*Activity*. Set down each line of the material that follows exactly, and leave its pictures out.

*Source data*.

□ □ □

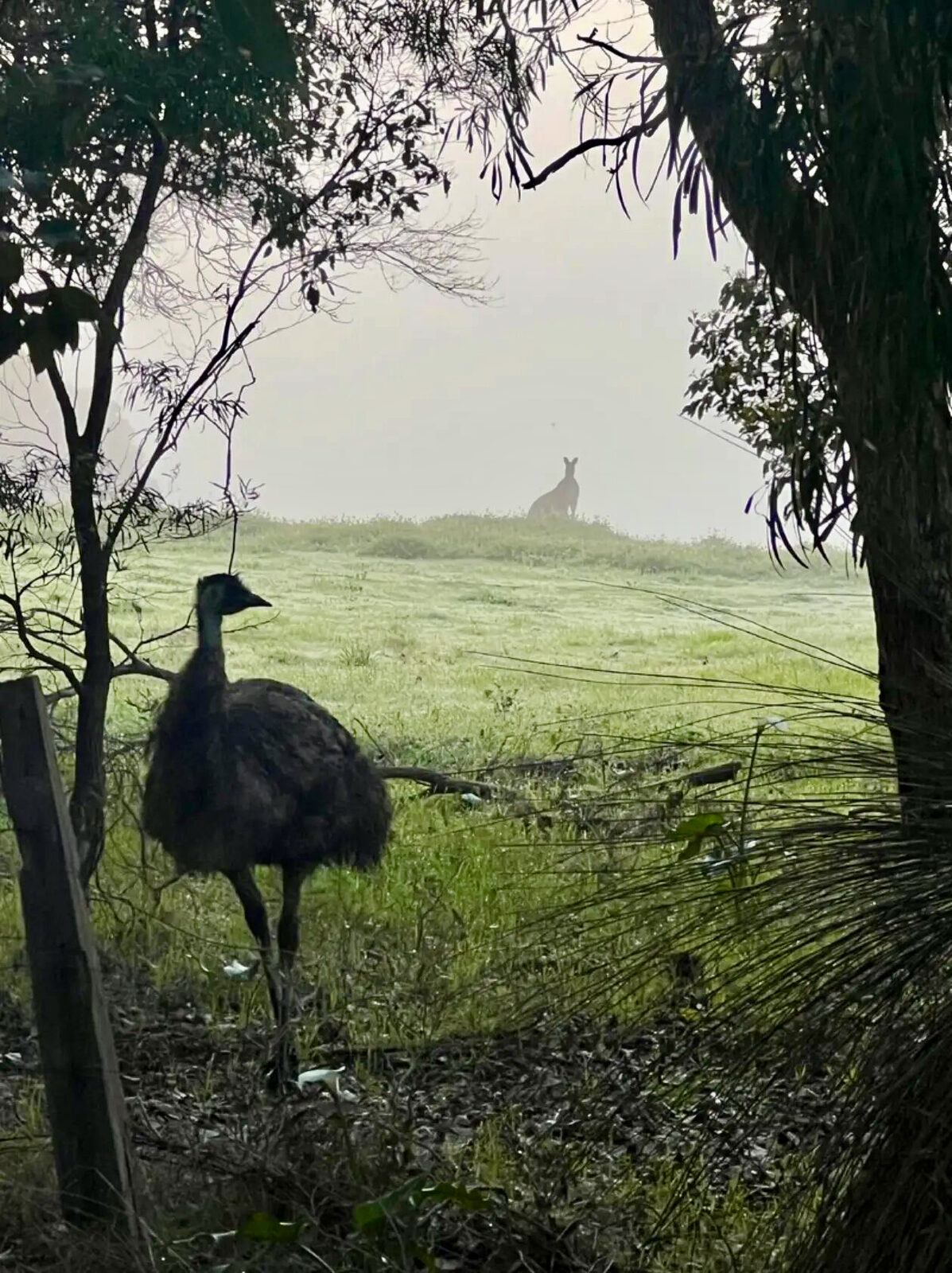 An emu and a kangaroo in morning fog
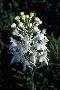 View a larger version of this image and Profile page for Platanthera ciliaris (L.) Lindl.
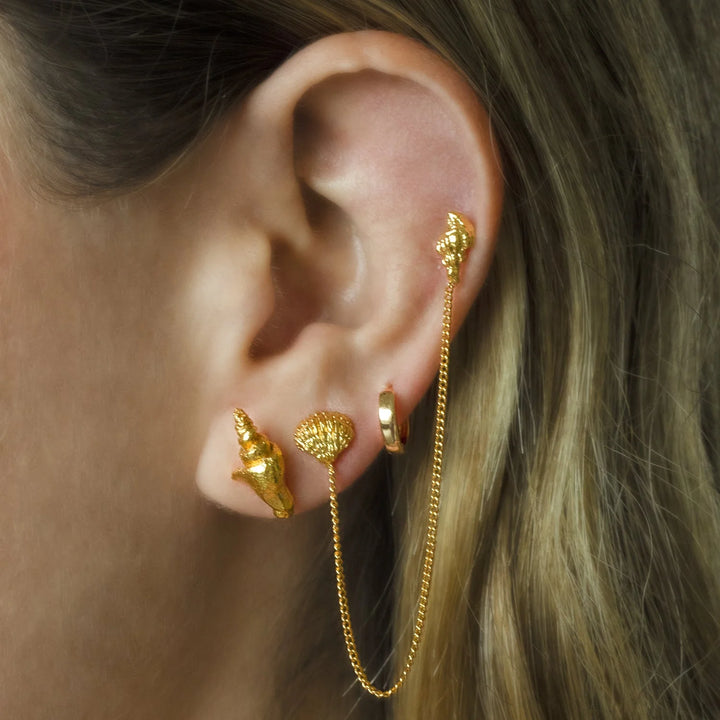 Shell Lacon Earrings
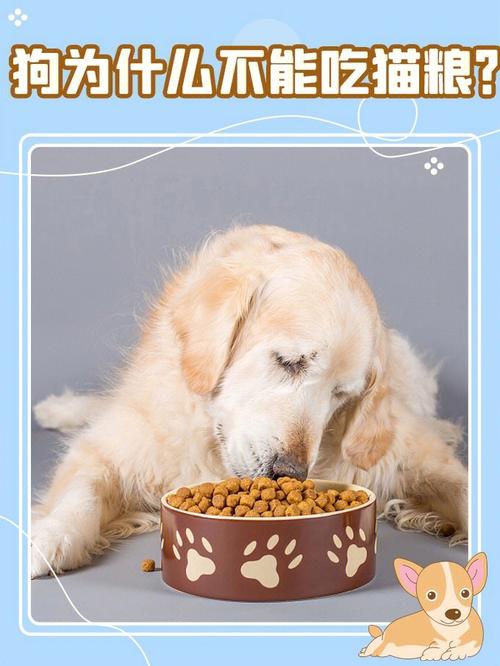 狗可以吃貓糧嗎（狗能吃貓糧嗎）1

□ □ □

*Response to this exercise*.
 An emu and a kangaroo in morning fog
 View a larger version of this image and Profile page for Platanthera ciliaris (L.) Lindl.
 Shell Lacon Earrings
 狗可以吃貓糧嗎（狗能吃貓糧嗎）1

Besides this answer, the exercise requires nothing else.